──────── The data ────────
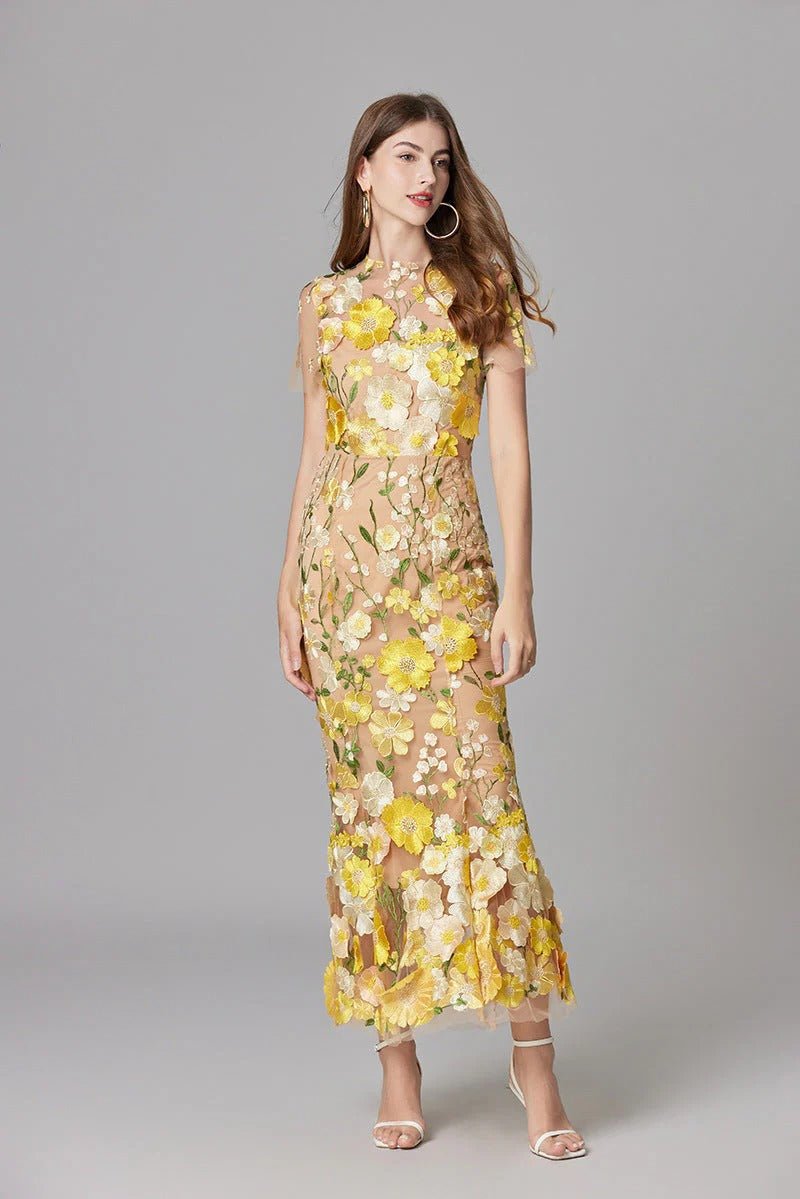 Women's Sleeveless 3D Floral Applique Sheer Mesh Maxi Dress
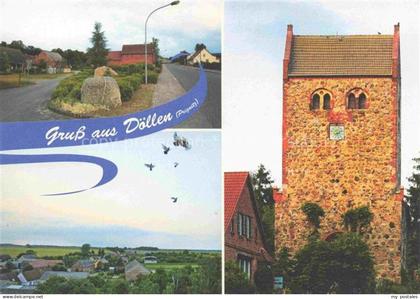 Doellen Neustadt Dosse Prignitz Brandenburg Dorfstrasse Panorama Kirche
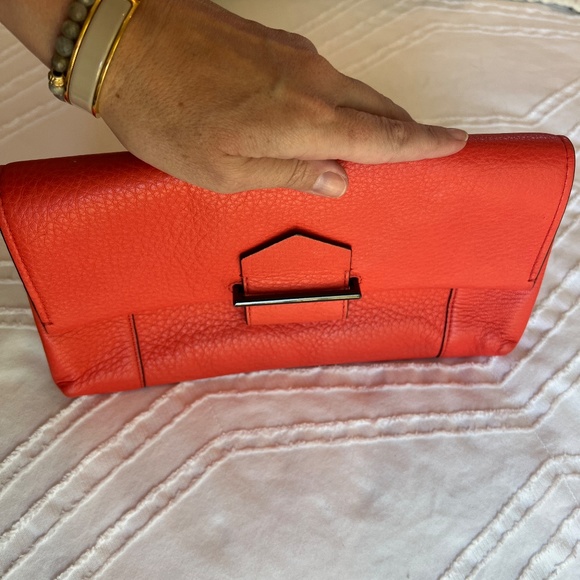 REED KRAKOFF LEATHER CLUTCH, CORAL - Picture 3 of 11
────────
* [What is being asked]:
Transcribe all of the material exactly and leave out its pictures.

* [Reply]:
 Women's Sleeveless 3D Floral Applique Sheer Mesh Maxi Dress
 Doellen Neustadt Dosse Prignitz Brandenburg Dorfstrasse Panorama Kirche
 REED KRAKOFF LEATHER CLUTCH, CORAL - Picture 3 of 11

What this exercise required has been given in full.